Adela's Curse by Claire M. Banschbach
This is a sweet book about a fairy cursed to do what no fairy ought to do. Kill. I read it for review, and, honestly, I think it needs more attention.
So go get it. And read it.
Not sure what else to say about it. It's short and sweet, characters are endearing.
I liked it.
Theodosia and the Serpents of Chaos by R. L. LaFevers
This is another book for those who love mythology. Strictly Egyptian this time, and not from a sciency angle. In this book, Egyptian curses are real, and Theodosia, an 11-year-old girl in Edwardian times who lives in a museum half of the time because her father's a curator there and her mother's an archaeologist.
Theo has the unique ability to sense Egyptian curses, and it's her self-assumed duty to remove curses. About my only annoyance in this book is that the adults are generally incompetent, but such is a common issue in Juvenile fiction.
Song of the Sword by Hope Ann
I love fairy tale retellings, and this retelling of Rapunzel instantly became one of my favorites. It is the second book of a series, but I read it first and it didn't cause very much confusion for me. The previous book is good too, so far as Beauty and the Beast retellings go, but I love this book more.
It is Christian Fantasy with allegory elements, but it's well done. If you like that sort of story, you'll probably love it - though there's also some pretty strong magical elements. My kind of story, basically.
Oh, and there's no romance, despite being a fairy tale retelling. Mmhm.
Please Don't Tell My Parents I'm a Supervillain by Richard Roberts
I've been on a bit of a Superhero kick for a while now. I claim that it's in research for HaV Academy, my superhero dystopia, but, eh. Anywho, my favorites in the genre are ones that take the tropes and turn them on their head.
For instance, this book is about the daughter of Superheroes who, together with her two best friends, was in the wrong place in the wrong time and the trio are labeled as supervillains. Things escalate, and Penny really should have come clean with her parents after the initial incident, but it's still terrible fun. I highly recommend.
And I need to get my hands on the next two books.
Joshua Dread by Lee Bacon
And while on the topic of Superheros, this one's the story of a kid who's the son of supervillains and accidentally becomes friends with the daughter of his parents' arch-rival. And then they have to band together and save his parents when they mysteriously go missing.
It's awesome. Go read it.
I, again, need to get my hands on this book's sequel. I think there's only one so far.
Crannig Castle by Morgan Elizabeth Huneke
Okay, yes, I do consider this author one of my best friends, but hey!

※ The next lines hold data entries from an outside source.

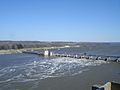 Lock and dam starved rock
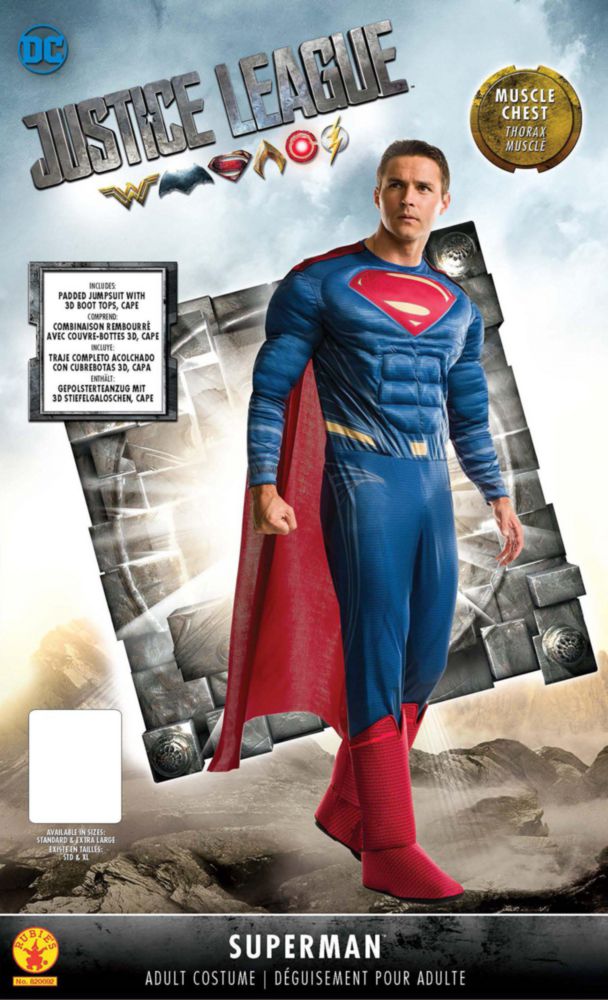 Traje Rubies Superman Adulto para Hombre – Talla Estándar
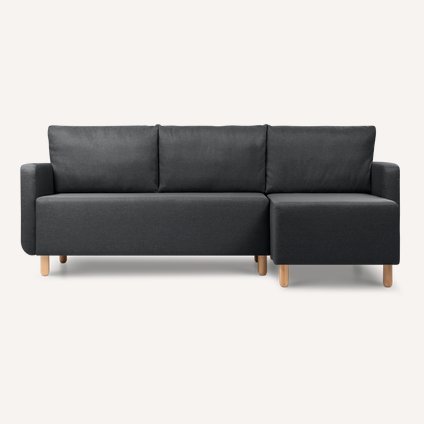 Диван угловой Беллер Textile Grafit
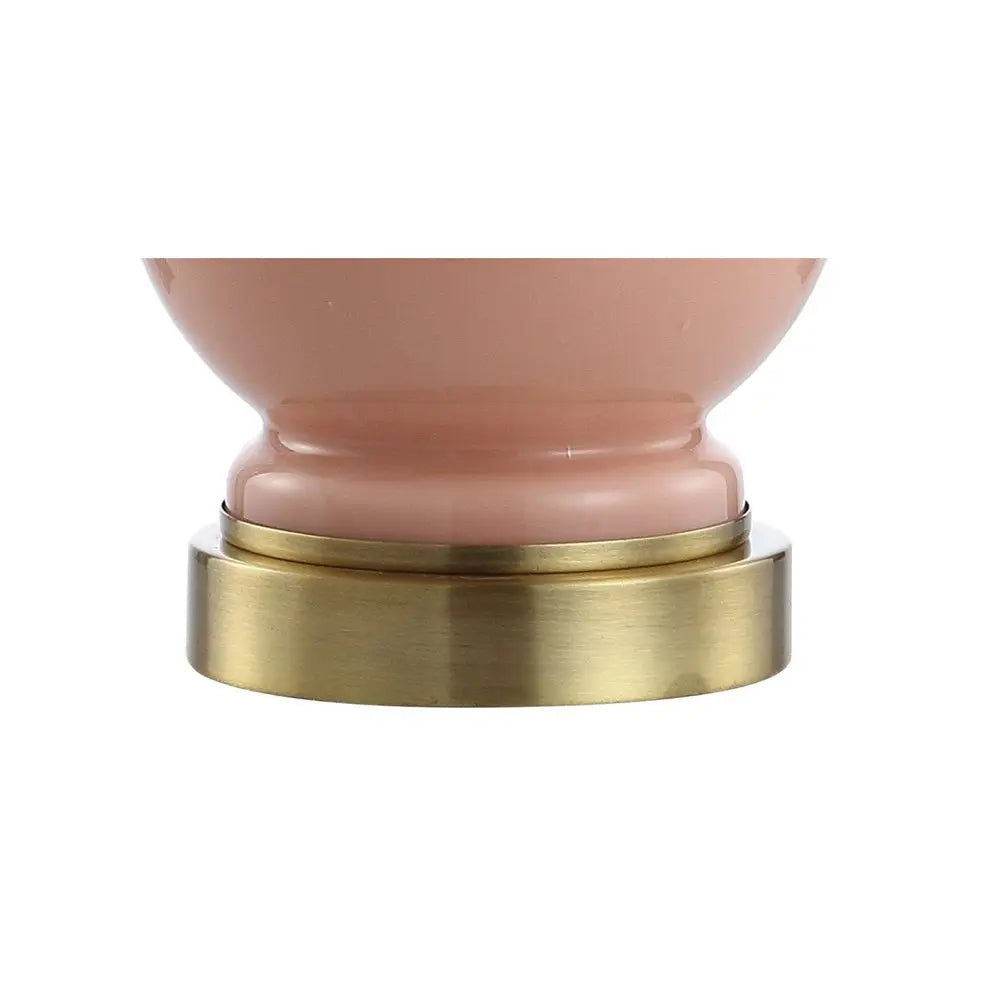 Set of Two 22" Gold Novelty Table Lamps LED With Globe Shades HomeRoots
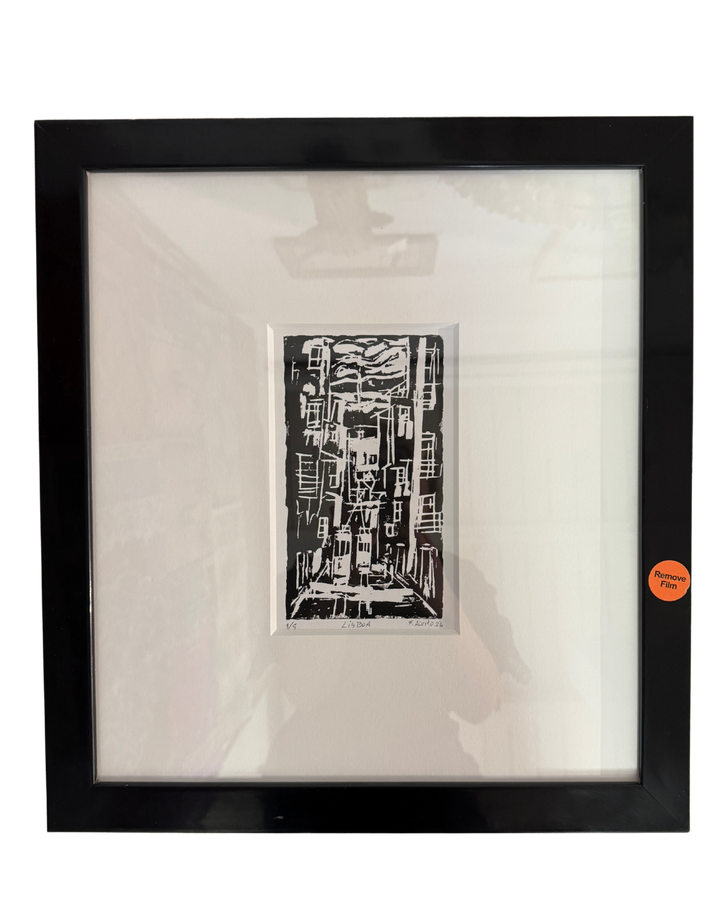 Black and White Abstract from Lisbon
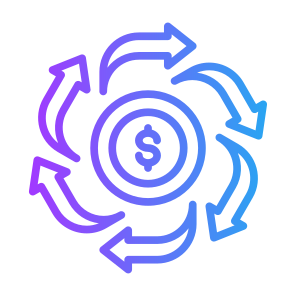 Cash Flow, Money, Flow, Circulation, Expense icon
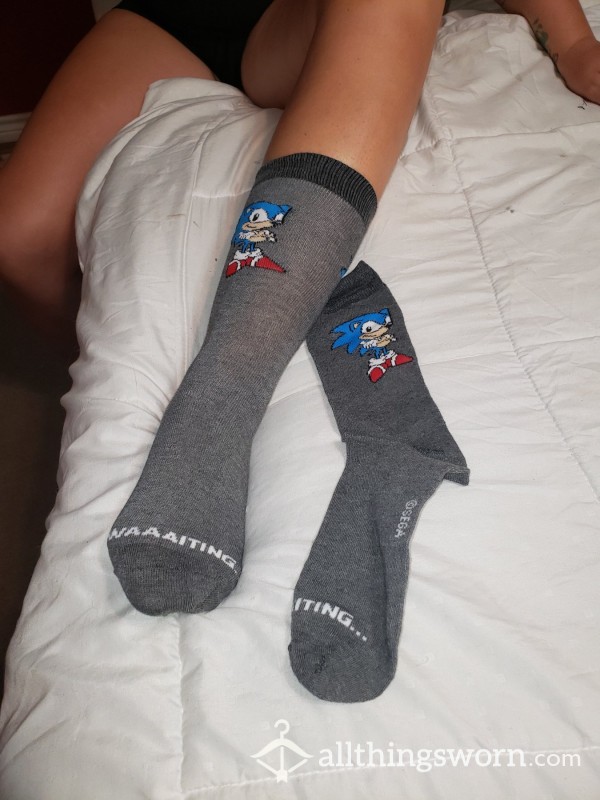 Sonic The Hedgehog Socks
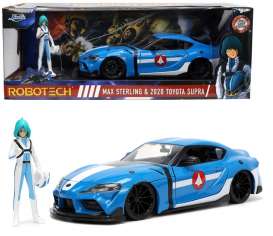 Toyota  - Supra 2020 blue/white - 1:24 - Jada Toys - 33676 - jada253255051 | Toms Modelautos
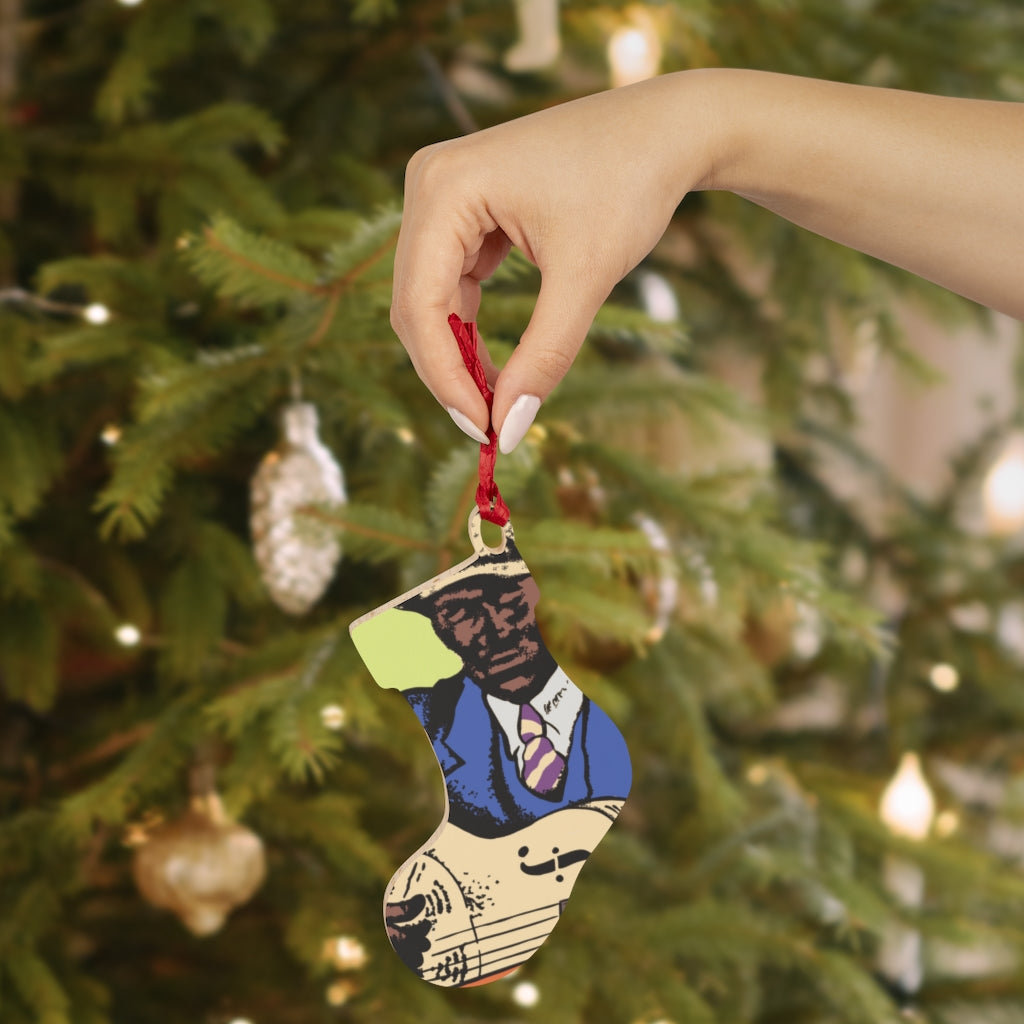 Blind Boy Fuller - Wooden Ornaments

That doesn't mean that my opinion about her writing is invalid. I'm a mite stingy with my praise, and if I like a book, it's because I like it.
I do recommend reading the first two books in this series and the companion novel, Espionage, first. They're all good books though, with an interesting twist on the portal fiction genre.

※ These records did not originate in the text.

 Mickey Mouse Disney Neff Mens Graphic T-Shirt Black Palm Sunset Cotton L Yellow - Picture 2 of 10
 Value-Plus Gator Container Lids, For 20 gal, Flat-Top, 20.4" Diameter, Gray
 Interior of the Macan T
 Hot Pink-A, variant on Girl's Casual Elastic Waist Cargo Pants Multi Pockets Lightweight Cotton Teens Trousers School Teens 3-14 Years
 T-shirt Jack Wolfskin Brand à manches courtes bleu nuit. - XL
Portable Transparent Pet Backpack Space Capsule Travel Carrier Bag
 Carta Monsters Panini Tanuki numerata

I might be working on a fanfic for this series, but you didn't hear that from me.
Dragon's Curse by H. L. Burke
Okay, yes, I like curses, apparently.
Anywho, I also like dragons, and this is the story of a herbalist (another thing I like) tasked with curing a king who has been poisoned by a dragon. And then a dragon moves into the mountain nearby and she befriends him.
It's awesome, and has brilliant plot twists. Go read it.
The Dragonet Prophecy by Tui T. Sutherland
And to end on the dragon note, I have The Dragonet Prophecy. My cousin found it in the library a few months back, fell in love, introduced it to another cousin, he fell in love, and eventually they reached a point in the series that our library didn't have.
So they went to my mom, who helped them get it through Overdrive. And she decided to read it while she was at it, and then I read it, and I rather liked it.
Awesome dragons, awesome worldbuilding, and I might have a small crush on Clay. Even though he's a dragon. And has a potential love interest who has too much fire.
I should probably back away and leave him alone.
And that's my ten books that I think that everyone should read and love.